Exercise objective: Extract every entry word for word. Skip the pictures.

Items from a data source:
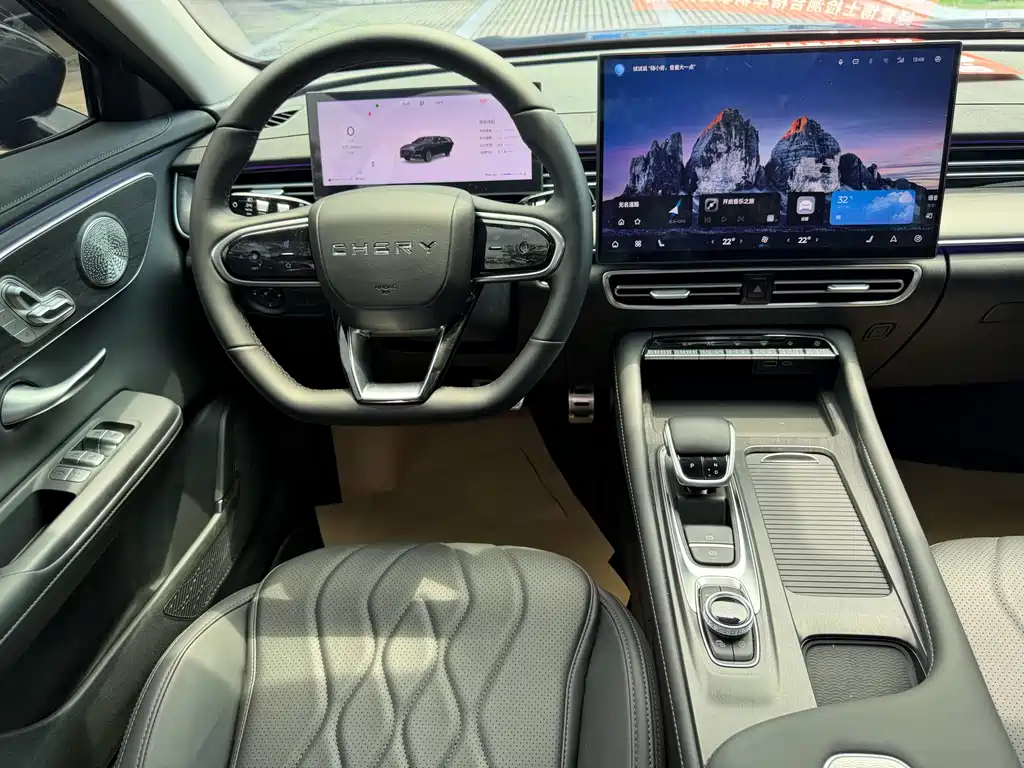 Chery 8 PRO 2025 2.0T DCT Luxury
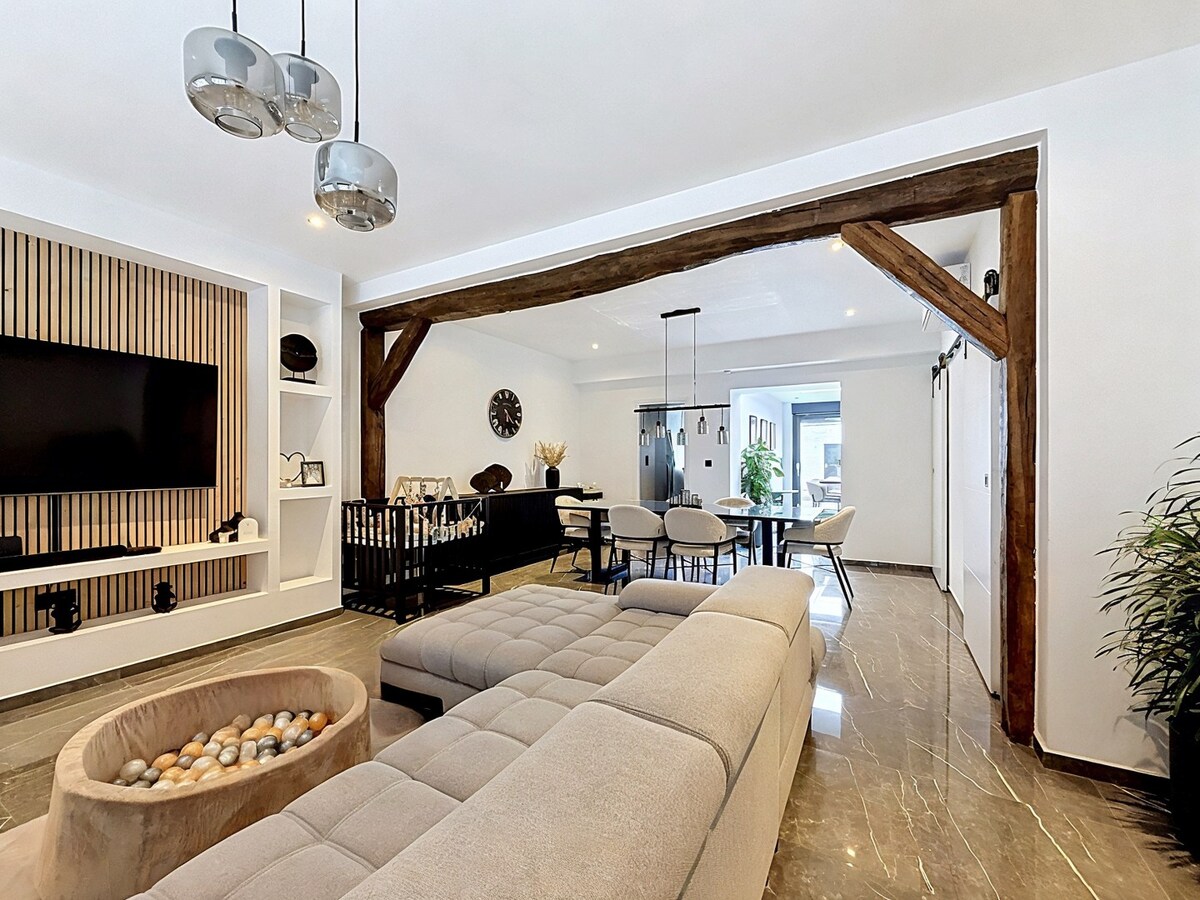 Gerenoveerde halfopen bebouwing EPC B met 3 slaapkamers, dubbele garage en tuin! 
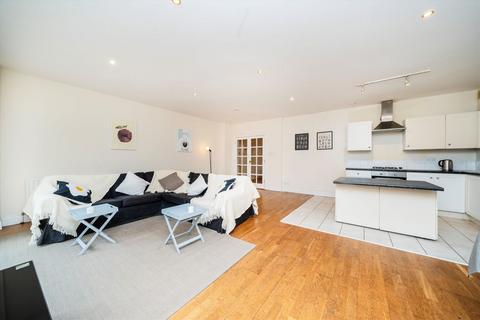 3 bedroom flat for sale, Ramsay Road, London W3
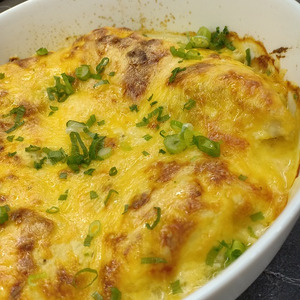 Запечённая белая рыба с сырным соусом Запечённая белая рыба с сырным соусом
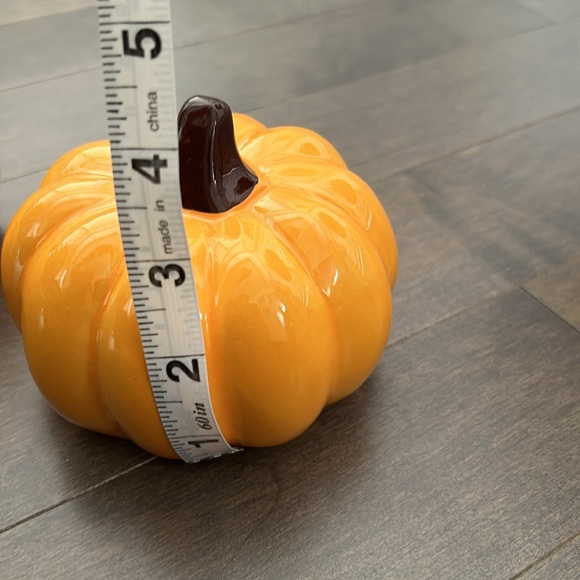 Set of 2 Ceramic Stoneware Pumpkins, Halloween Fall Decor, Orange Brown Harvest - Picture 7 of 8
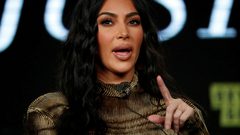 كيم كارداشيان تكشف تعرضها للتنمر: شبهوني بحوت قاتل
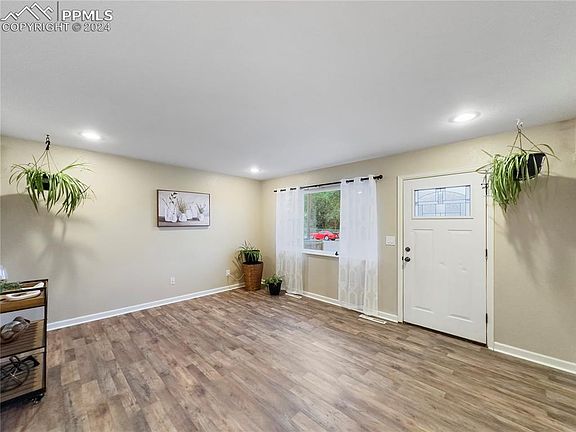 4th image of 1398 Luna Dr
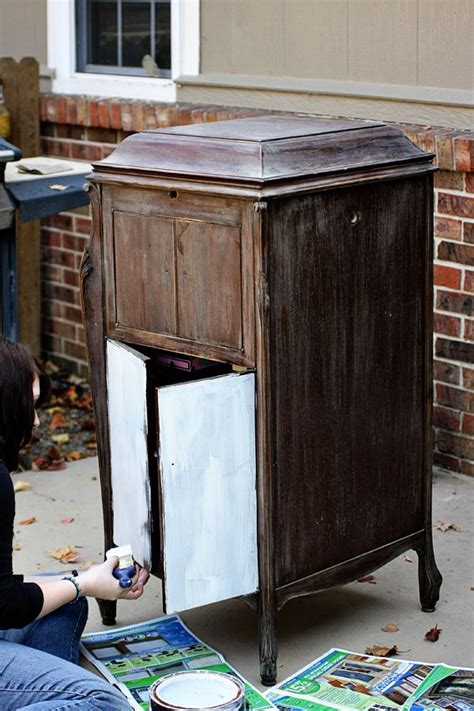 It is a good looking piece of furniture. Noshings: From Found to Fab - The Victrola Cabinet | Home ...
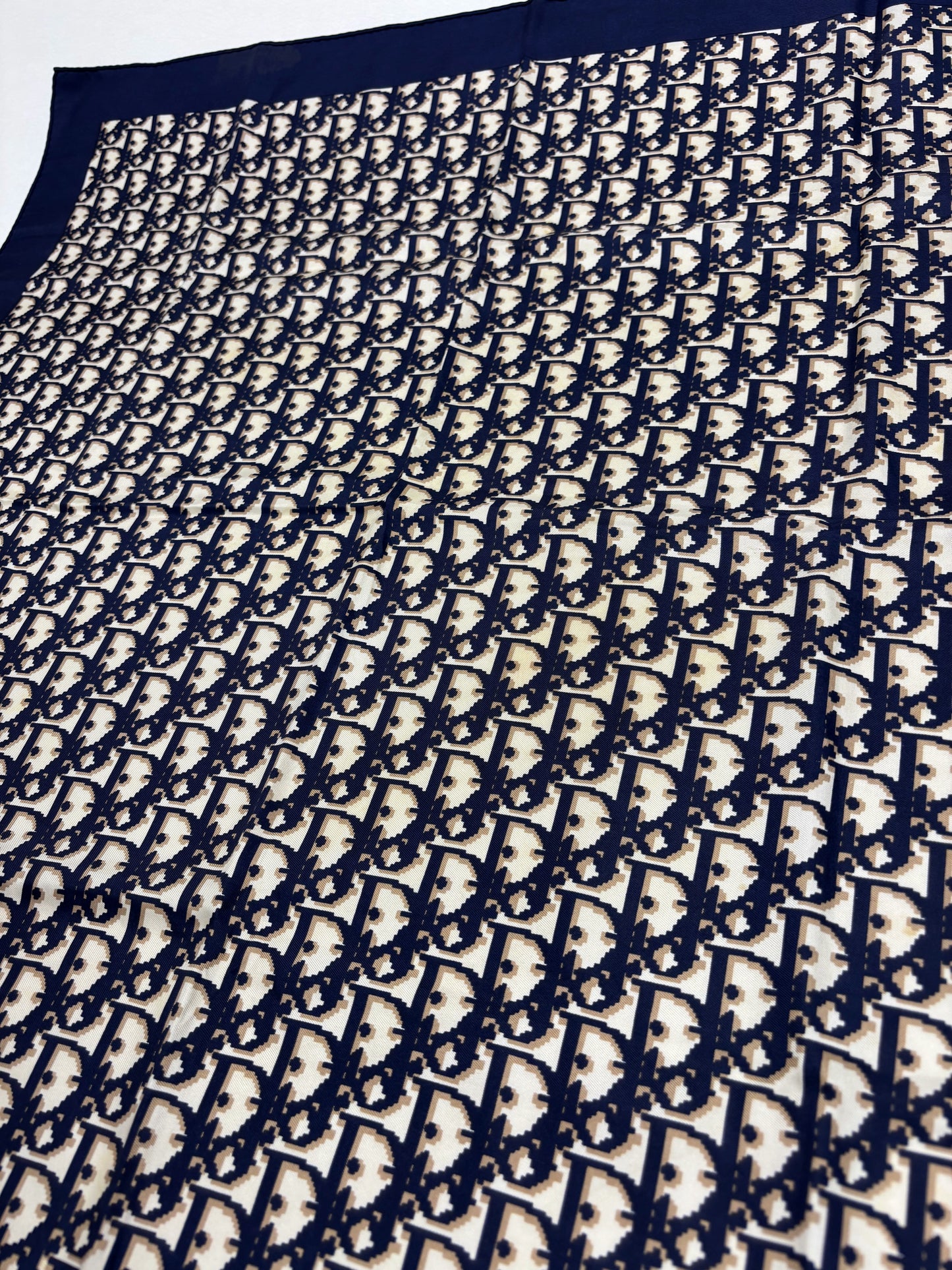 DIOR Foulard Carré Oblique en soie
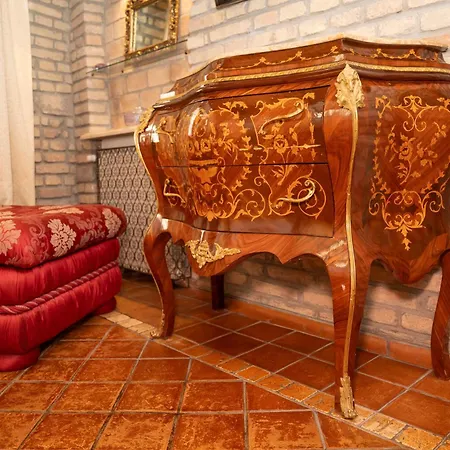 New!!! Dimora Trevi Boutique Luxury Flat *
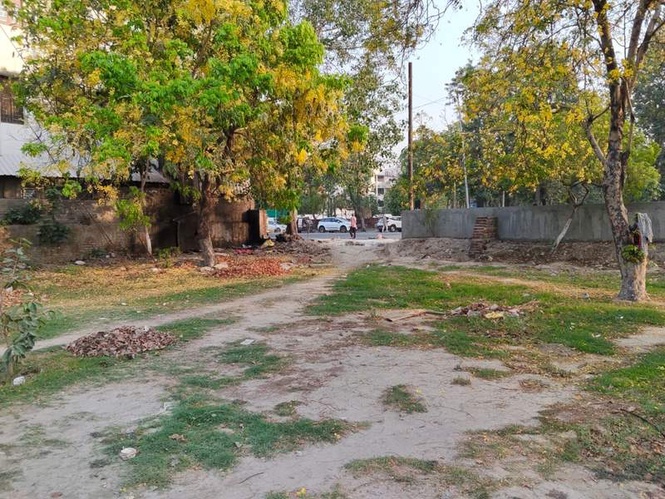 Image from: Damaged boundary wall turns Karnal’s Sector-13 green belt into open defecation site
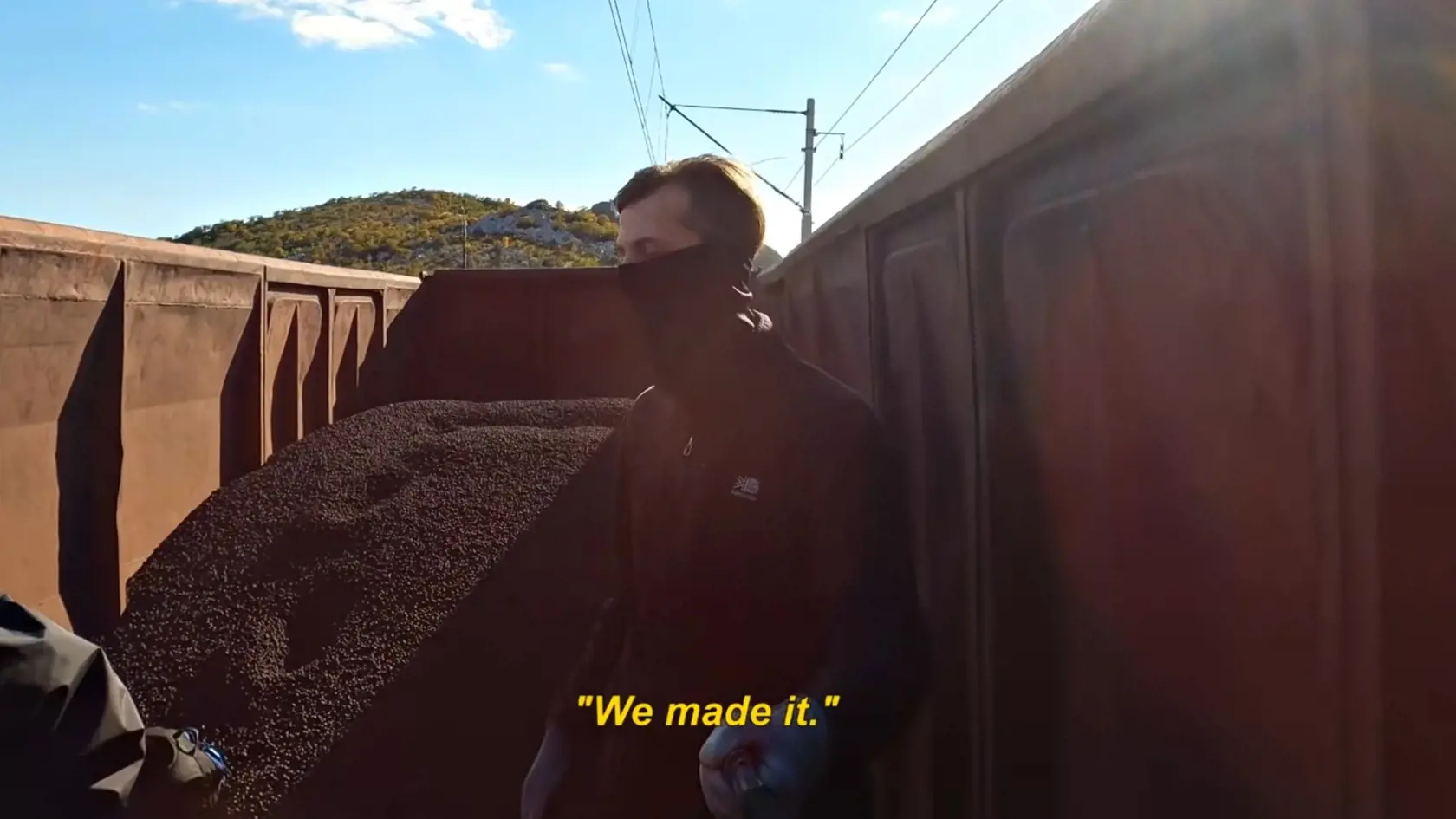 Trainsurfing je nebezpečný druh zábavy, ktorú si obľúbili mladí ľudia aj na Slovensku. Je to nie len veľmi nebezpečné no podľa slov polície taktiež nelegálne.
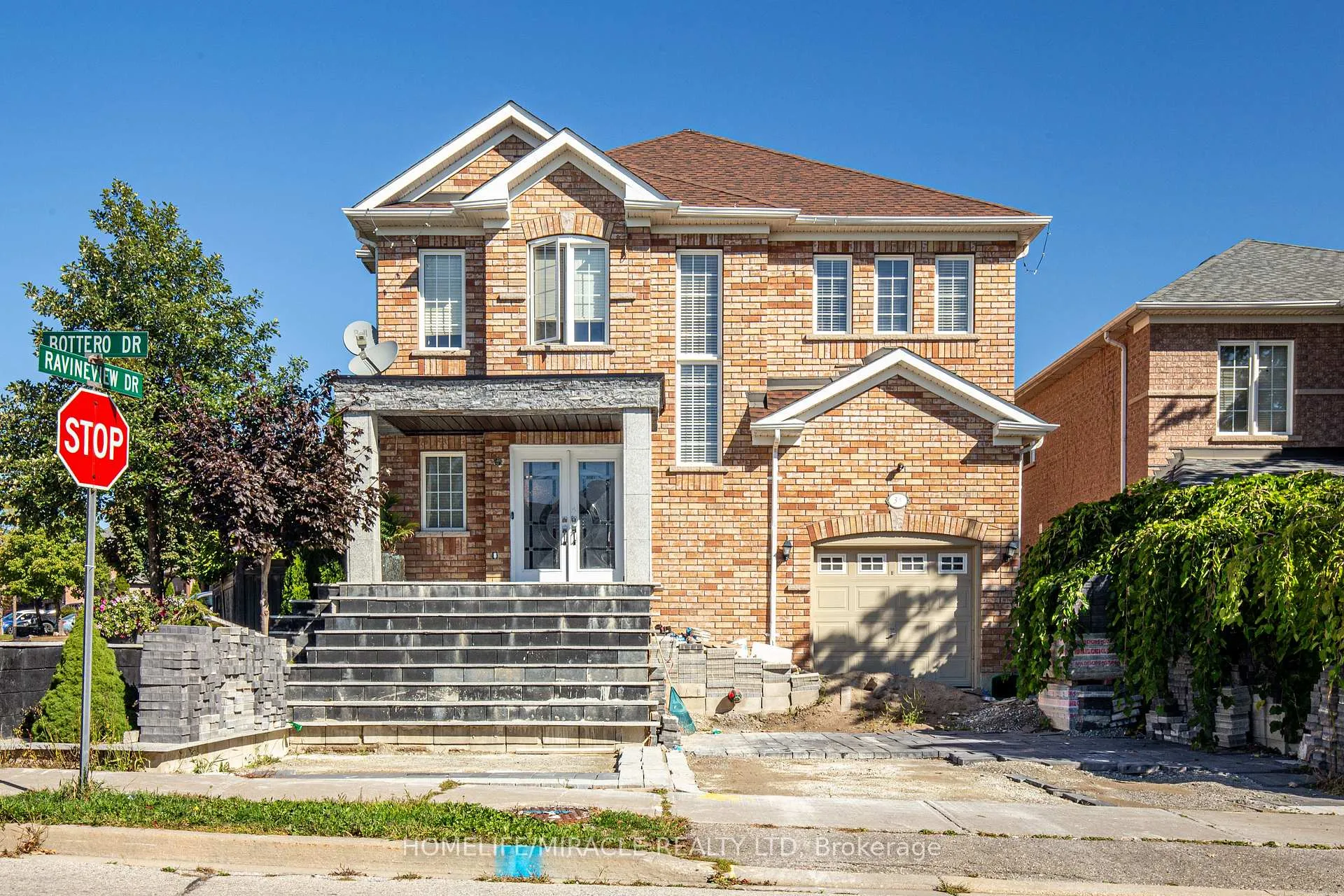 Photo 1 of 34 Bottero Drive, Vaughan, Rural Vaughan — HOMEH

Result of this exercise:
 Chery 8 PRO 2025 2.0T DCT Luxury
 Gerenoveerde halfopen bebouwing EPC B met 3 slaapkamers, dubbele garage en tuin! 
 3 bedroom flat for sale, Ramsay Road, London W3
 Запечённая белая рыба с сырным соусом Запечённая белая рыба с сырным соусом
 Set of 2 Ceramic Stoneware Pumpkins, Halloween Fall Decor, Orange Brown Harvest - Picture 7 of 8
 كيم كارداشيان تكشف تعرضها للتنمر: شبهوني بحوت قاتل
 4th image of 1398 Luna Dr
 It is a good looking piece of furniture. Noshings: From Found to Fab - The Victrola Cabinet | Home ...
 DIOR Foulard Carré Oblique en soie
 New!!! Dimora Trevi Boutique Luxury Flat *
 Image from: Damaged boundary wall turns Karnal’s Sector-13 green belt into open defecation site
 Trainsurfing je nebezpečný druh zábavy, ktorú si obľúbili mladí ľudia aj na Slovensku. Je to nie len veľmi nebezpečné no podľa slov polície taktiež nelegálne.
 Photo 1 of 34 Bottero Drive, Vaughan, Rural Vaughan — HOMEH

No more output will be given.